- **What the exercise asks**:
Whatever pictures appear, omit them, and repeat the data below exactly.

- **The data**:
☆ ☆ ☆ ☆ ☆
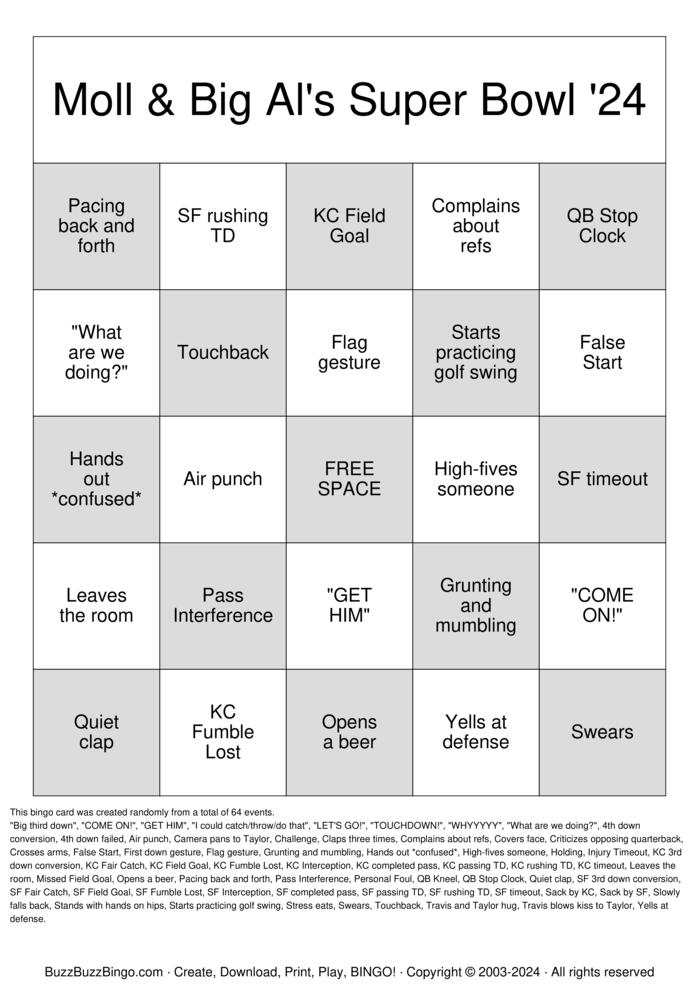 Superbowl Bingo Cards to Download, Print and Customize!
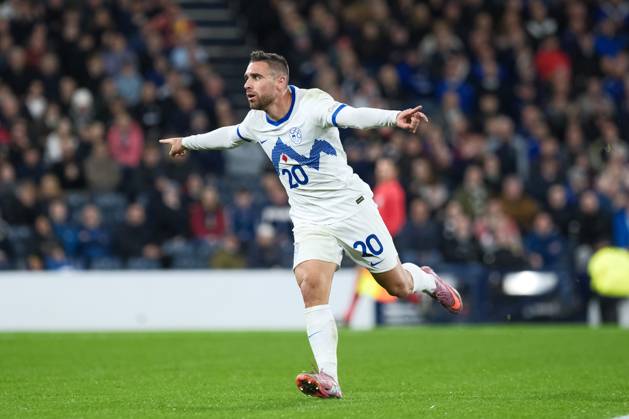 UK: Scotland v Slovenia, UEFA Nations League at Barclays Hampden, Glasgow, Scotland on 06 October 2026: Pictured: Aljosa Matko (Slovenia) scores to make it 1-1 Glasgow Barclays Hampden Scotland Copyright: xAlexxToddx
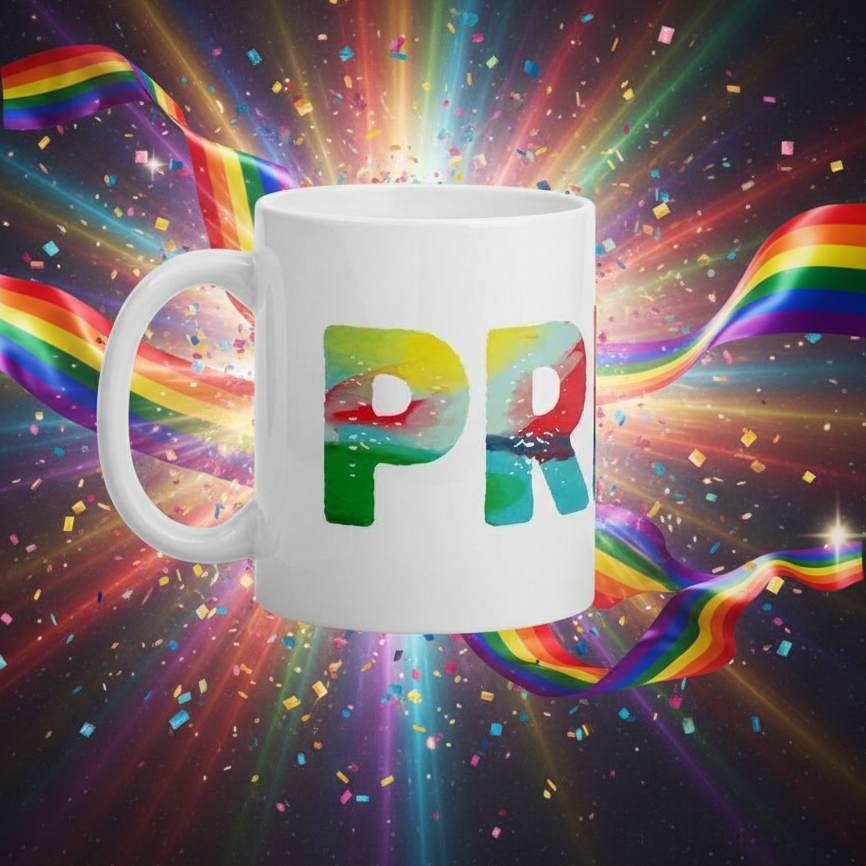 Pride Mug featuring bold P and R letters with a rainbow gradient, surrounded by festive ribbons and confetti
☆ ☆ ☆ ☆ ☆
- **Response**:
 Superbowl Bingo Cards to Download, Print and Customize!
 UK: Scotland v Slovenia, UEFA Nations League at Barclays Hampden, Glasgow, Scotland on 06 October 2026: Pictured: Aljosa Matko (Slovenia) scores to make it 1-1 Glasgow Barclays Hampden Scotland Copyright: xAlexxToddx
 Pride Mug featuring bold P and R letters with a rainbow gradient, surrounded by festive ribbons and confetti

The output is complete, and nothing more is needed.